Hatte sie erst einmal das Donnerwetter von Frau Klusmann überstanden, musste sie sich dem ihrer Eltern stellen. Amy war nicht so naiv anzunehmen, dass man ihre Erziehungsberechtigten über diesen Vorfall nicht informieren würde. Möglicherweise bekam sie sogar einen Blauen Brief nach Hause.

Dem Mädchen wurde schlecht.

Sie hatten die Tür erreicht.

Frau Gelfort verlor keine Zeit und klopfte energisch an und folgte der Aufforderung einzutreten.

Von Amys vorlauter Art war nichts mehr zu spüren. Entmutigt schob sie sich in den Raum und traute sich nicht den Blick vom Fußboden zu wenden. Sie wollte ihren Scharfrichter nicht in die Augen blicken müssen.

„Amy? Was machst du denn hier?“, kam es ebenso verwundert wie empört.

Das Mädchen zuckte, wie unter einem Stromschlag zusammen. Das Blut verschwand ihr aus dem Gesicht und gleichzeitig rutschte ihr das Herz in die Hose. Amy traute sich kaum die Sprecherin anzusehen, doch sie brauchte die visuelle Bestätigung. Zu ihrem absoluten Horror saßen ihre Eltern im Büro der Direktorin.

Das Mädchen hatte das Gefühl einer Ohnmacht nahe zu sein.

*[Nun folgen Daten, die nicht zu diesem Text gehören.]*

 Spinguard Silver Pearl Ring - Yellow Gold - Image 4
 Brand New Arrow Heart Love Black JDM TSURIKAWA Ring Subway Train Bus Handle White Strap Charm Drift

Frau Gelfort hatte keinerlei Kenntnis darüber gehabt, dass sich ausgerechnet Amys Eltern hier befanden. Dies war zwar ein reiner Zufall, dennoch gelang es ihr nicht, das schadenfreudige Grinsen darüber zu verbergen. 

Es war nicht ungewöhnlich, dass Frau Klusmann die Eltern der Neuzugänge zu einem informalen Gespräch in ihr Büro lud. Entweder war nur dieses Paar der Einladung gefolgt, oder die anderen waren bereits gegangen. Doch egal wie es zu dieser schicksalhaften Fügung gekommen war, Frau Gelfort zeigte sich sehr erfreut darüber.

Für Amy stand mittlerweile fest, dass dies der schlimmste Tag ihres Lebens war.

Die Wahrscheinlichkeit seinen Eltern im Rektorat, ausgerechnet dann zu begegnen, wenn man soeben etwas ausgefressen hatte, war astronomisch gering.

Dummerweise ging diese Gleichung für Amy auf. Es war schließlich schon schlimm genug, sich vor der Rektorin verantworten zu müssen, doch dabei zusätzlich in die entsetzten und vorwurfsvollen Gesichter der Eltern schauen zu müssen, war zu viel. Amy kam sich klein und verloren vor.

Sie erwartete nicht, dass ihre Mutter sie tröstend in den Arm nahm. Um die Situation zu entschärfen, legte Amy ein verlegendes Lächeln auf, obwohl ihr eher zum Heulen zumute, war. Alle ihre Energie steckte sie in ein Stoßgebet, dass sie zum Himmel schickte.

„Was hast du angestellt? Und wie bist du überhaupt angezogen? So habe ich dich nicht aus dem Haus gelassen“, kam es vorwurfsvoll von der Mutter.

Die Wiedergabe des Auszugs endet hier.